Esa niña tocó una parte de su alma a la cual él mismo no había tenido acceso y que
jamás compartió conmigo. Rolf quiso consolarla y fue Azucena quien le dio consuelo a
él.
Me di cuenta del momento preciso en que Rolf dejó de luchar y se abandonó al
tormento de vigilar la agonía de la muchacha. Yo estuve con ellos, tres días y dos
noches, espiándolos al otro lado de la vida. Me encontraba allí cuando ella le dijo que en sus trece años nunca un muchacho la había querido y que era una lástima irse de este mundo sin conocer el amor, y él le aseguró que la amaba más de lo que jamás
podría amar a nadie, más que a su madre y a su hermana, más que a todas las
mujeres que habían dormido en sus brazos, más que a mí, su compañera, que daría
cualquier cosa por estar atrapado en ese pozo en su lugar, que cambiaría su vida por
la de ella, y vi cuando se inclinó sobre su pobre cabeza y la besó en la frente, agobiado por un sentimiento dulce y triste que no sabía nombrar. Sentí cómo en ese instante se salvaron ambos de la desesperanza, se desprendieron del lodo, se elevaron por encima de los buitres y de los helicópteros, volaron juntos sobre ese vasto pantano de podredumbre y lamentos. Y finalmente pudieron aceptar la muerte. Rolf Carlé rezó en silencio para que ella se muriera pronto, porque ya no era posible soportar tanto dolor.
Para entonces yo había conseguido una bomba y estaba en contacto con un general
dispuesto a enviarla en la madrugada del día siguiente en un avión militar. Pero al
anochecer de ese tercer día, bajo las implacables lámparas de cuarzo y los lentes de
cien máquinas, Azucena se rindió, sus ojos perdidos en los de ese amigo que la había
sostenido hasta el final. Rolf Carlé le quitó el salvavidas, le cerró los párpados, la retuvo apretada contra su pecho por unos minutos y después la soltó. Ella se hundió lentamente, una flor en el barro.

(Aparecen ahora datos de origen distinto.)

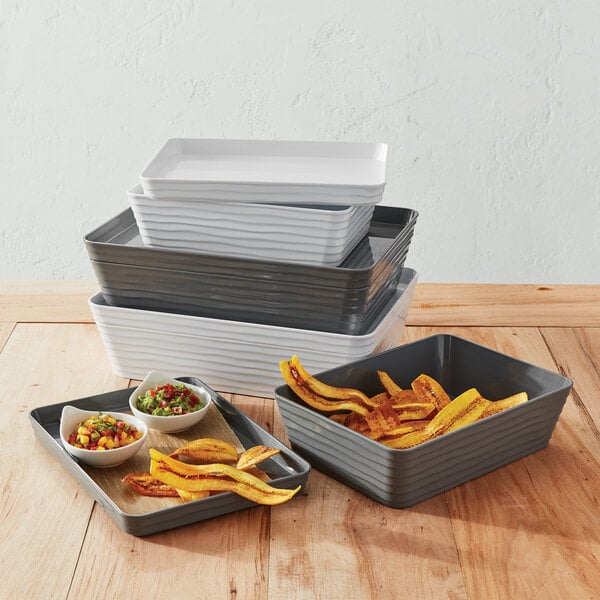 A stack of rectangular containers with food in them on a table.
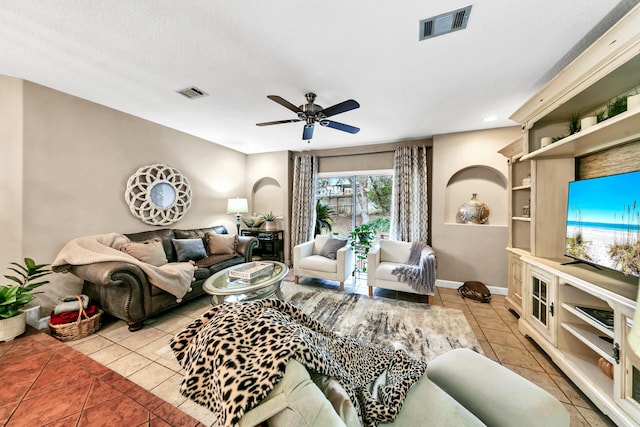 living room with ceiling fan, a textured ceiling, and light tile patterned floors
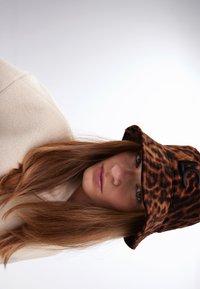 Klobouk s leopardím vzorem, vyrobený z měkkého materiálu, s černým logem jako akcentem. Modelka má na sobě krémový fleece top, s dlouhými vlasy viditelnými.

Estás de vuelta conmigo, pero ya no eres el mismo hombre. A menudo te acompaño al
Canal y vemos de nuevo los videos de Azucena, los estudias con atención, buscando
algo que pudiste haber hecho para salvarla y no se te ocurrió a tiempo.

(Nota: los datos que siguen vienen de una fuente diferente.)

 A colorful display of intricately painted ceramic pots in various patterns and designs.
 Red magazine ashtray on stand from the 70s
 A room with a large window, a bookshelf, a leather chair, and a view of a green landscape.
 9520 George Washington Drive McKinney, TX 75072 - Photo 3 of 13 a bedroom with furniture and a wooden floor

O tal vez los examinas para verte como en un espejo, desnudo. Tus cámaras están
abandonadas en un armario, no escribes ni cantas, te queda durante horas sentado
ante la ventana mirando las montañas. A tu lado, yo espero que completes el viaje
hacia el interior de ti mismo y te cures de las viejas heridas. Sé que cuando regreses de tus pesadillas caminaremos otra vez de la mano, como antes.